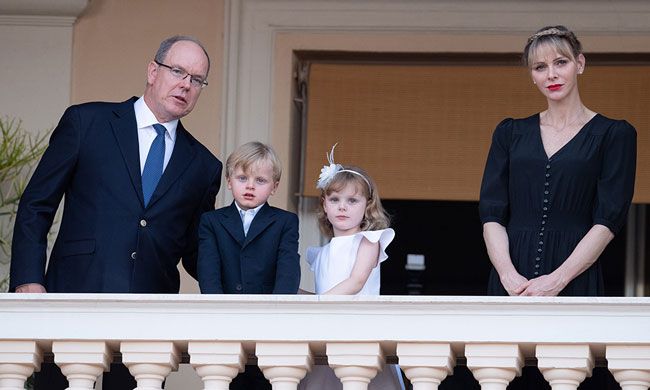 albert and charlene dresssed in formal navy attire on either side of a young boy and girl on a balcony stone balustrades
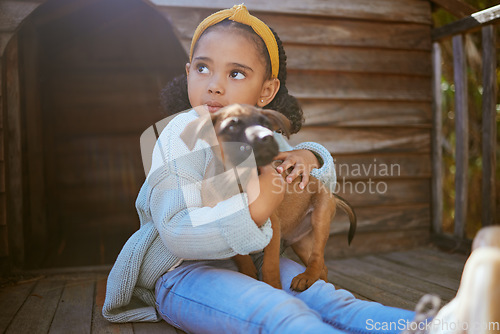Image of Girl child, animal shelter and dog hug, love and care while thinking about adoption. Pet, charity and kid hugging, embrace or cuddle with foster puppy, bonding and contemplating support for animal.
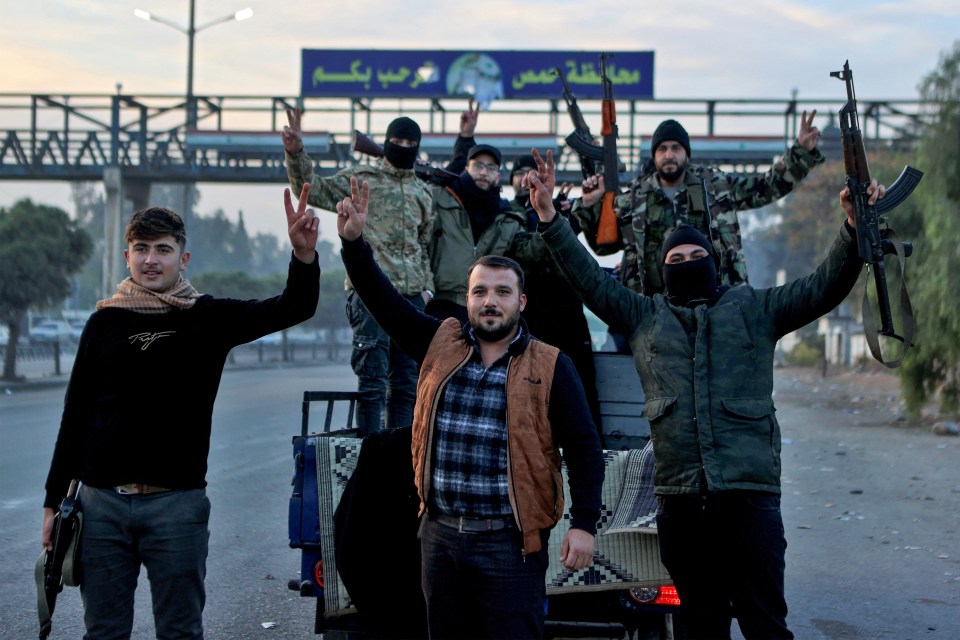 Syrian rebel fighters celebrate the victory at the entrance of Homs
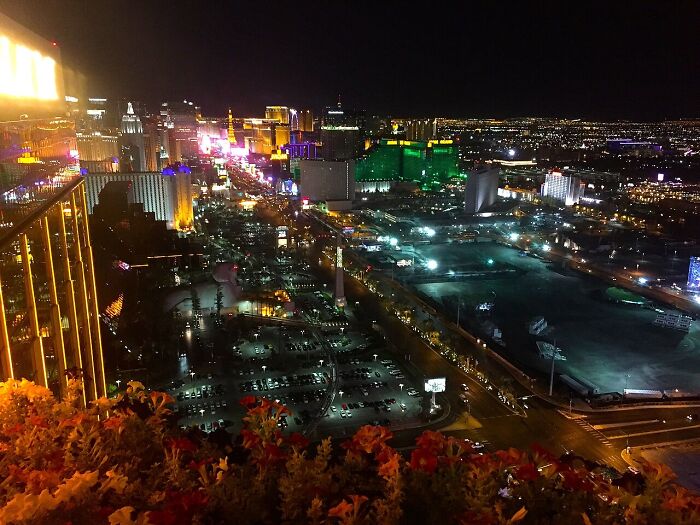 An aerial view of a city skyline at night, glowing with lights, hinting at urban unsolved mysteries.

DIRECTIONS: The data shown above must be printed again exactly, with no images included.

ANSWER BOX:
 albert and charlene dresssed in formal navy attire on either side of a young boy and girl on a balcony stone balustrades
Image of Girl child, animal shelter and dog hug, love and care while thinking about adoption. Pet, charity and kid hugging, embrace or cuddle with foster puppy, bonding and contemplating support for animal.
 Syrian rebel fighters celebrate the victory at the entrance of Homs
 An aerial view of a city skyline at night, glowing with lights, hinting at urban unsolved mysteries.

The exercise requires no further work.